What’s missing? Just a chair. I have a selection of lightweight folding and collapsible camping chairs to support my delicate derriere.

Oh yes, the table; these pilot cases (NB: I am not a pilot) are so strong that, if stood on end, they make an excellent support for the radio.

When everything is packed inside the pilot’s case then it is a little on the heavy side (not to be confused with the Heaviside which is a layer of the ionosphere). The weight is manageable if it is only being carried a short distance, but I have a small folding cart for transporting it further away from my vehicle.

So what about a rapid deployment, field expedient antenna?

Rule 1: It has to fit inside the briefcase. Rule 2: If an antenna doesn’t fit inside the briefcase refer to rule 1.

I have 2 choices that meet Rule 1; a “tactical” (meaning it is painted green and looks like it might not be out of place on a Humvee) collapsible whip. It can be mounted directly on a 3/8x24tpi bracket fixed to the rear of the ammo box. It is usually deployed with a loading coil and capacitance “top” hat.

Rear connections. Note the bracket for mounting the tactical whip on the left. The antenna wire and radials are plugged into the magnetically attached 4:1 balun. The CW paddles are secured to a steel bracket which is also magnetically attached to the ammo box – a steel box is very handy for attaching accessories with small rare earth magnets.

Second choice is a simple wire antenna. I am currently in favor of random wires due to their inherent multi-band flexibility. Although I have never been a fan of auto tuners, for several reasons, their speed in finding and memorizing a match for multiple bands is very valuable for the kind of hit-and-run style activations that I enjoy. The LDG Z-11 Pro is an L-match which means it is perhaps more efficient than a typical C-L-C type of manual tuner.

Don’t risk disappointment

I have read a lot of blogs and watched a lot of videos in which an operator buys a commercial wire antenna and deploys it in the field without investigating whether the antenna is actually going to work in the manner they expect. We don’t all have the time or inclination to model an antenna to find out how best to use it, but it can lead to disappointment if we don’t do the homework first.

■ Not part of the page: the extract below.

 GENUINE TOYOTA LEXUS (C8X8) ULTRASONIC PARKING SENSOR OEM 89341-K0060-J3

‘Tis a gift to be simple, ’tis a gift to be free

It is very simple to make a “Simple Wire Antenna” (SWA) and it can even be free if you can scrounge some leftover wire. Climb an old telephone pole and pull down disused POTS (Plain Old Telephone Service) wire if your neighborhood has switched to fiber lines. Okay, I’m kidding, don’t do that; some poles also carry high voltage electric cables.

I have had great success recently with a sloper wire 27 feet (8.23m) long supported from a tree, or my Spiderbeam 23ft (7m) pole, and worked against four 13ft (4m) ground radials. The LDG tuner easily finds a good match of 1.5:1 or less on my main bands of interest: 20m, 30m and 40m. Out in the field there is no lossy coax transmission line involved – apart from very short sections to plumb in the Guanella 4:1 balun and tuner. This wire is a little short for 40m but presents no problem for the tuner. I have received some very good signal reports using this wire.

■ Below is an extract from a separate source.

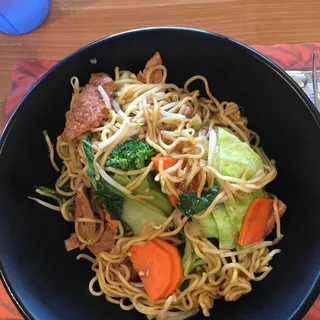 Catering Soft Chowmein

Then I wondered, if the wire was longer, could the antenna work even better? EZNEC helped me decide. I modeled three random wires: 27ft (8.23m), 41ft (12.5m) and 84 ft (25.6m). To make it a fair comparison, the same band (20m) was compared and the three wires were modeled in exactly the same sloper configuration. The results were very revealing.

Model 1: 27ft random wire sloper

The elevation plot shows a good directional signal with a small amount of gain at an elevation of 35 degrees.

The azimuth plot shows a wide angle of radiation with ~5dB of Front-to-Back signal strength.

The 27ft sloper has been a solid, reliable performer with strong signal reports being typical.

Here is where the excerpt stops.